# Newbie Paph Addict here!...



## potteryman (Oct 19, 2007)

Hi folks....am new to paph/phrag orchids, and quickly becoming addicted!...have been growing cymbidiums for yrs here in So CA...now venturing into the world of ladyslippers...have recently purchased some plants on Ebay, along with some nice mottled leaf varieties from a specialty market here in the area (blooming, with new growths that are growing, for 8 bucks a pop..sucha deal!).

Am hoping that you experienced growers can offer me some pointers to keep my small collection growing strong....so far so good here...my growing area is a bathroom that has a large diffused skylight, offering a very good amount of light, along with a reasonable amount of humidity...I've placed a small fan in the room for air circulation, and am watering with distilled water..also using Dyna Grow brand plant food, and flushing the bark/perlite/charcoal growing medium every 3-4 waterings with plain distilled water...

Also am hoping you folks can advise me as to the easier growing/easier to bloom plants....watching a paph grow is like watching paint dry!...

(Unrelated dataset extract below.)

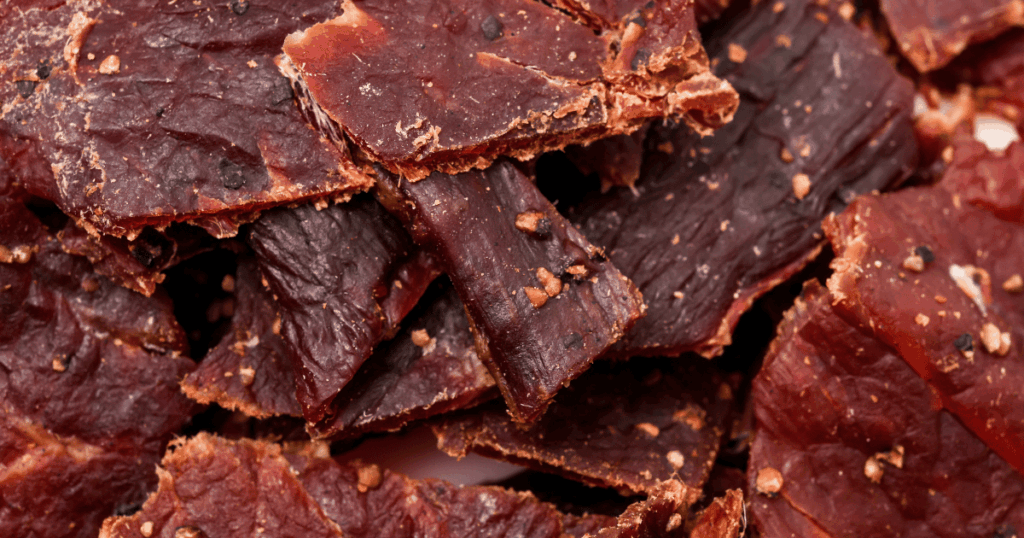Close-up of homemade beef jerky slices from John Mull’s Meats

Thanks for any info you are willing to share..glad I stumbled upon your site!..

potteryman....


----------



## NYEric (Oct 19, 2007)

Welcome from NYC! Dont forget fertilizer. Phrag Cape Sunset.-record bloomer.


----------



## Corbin (Oct 19, 2007)

Welcome from Atlanta


----------



## Heather (Oct 19, 2007)

Hello! Glad you found us!


----------



## goldenrose (Oct 19, 2007)

WELCOME potteryman - there are plenty of enablers here!


----------



## Candace (Oct 19, 2007)

Hi and welcome. Be sure to read through past threads to glean some cultural recommendations. There's also a useful search feature at the top of the page where you can search for specific topics.


----------



## Marco (Oct 19, 2007)

welcome


----------



## practicallyostensible (Oct 19, 2007)

Welcome from another SoCal grower!


----------



## rdlsreno (Oct 20, 2007)

Welcome to the forum and remember you are not alone in being addicted!


Ramon


----------



## Greenpaph (Oct 20, 2007)

Hey potteryman!

Welcome!

I visit inlaws in Escondido annually. Anywhere near there?


----------



## SlipperFan (Oct 20, 2007)

Welcome to the forum. If you are a potter, I'd love to see you post photos of some of your works.


----------



## potteryman (Oct 22, 2007)

Hey Peter..am north of Escondido about an hour...


----------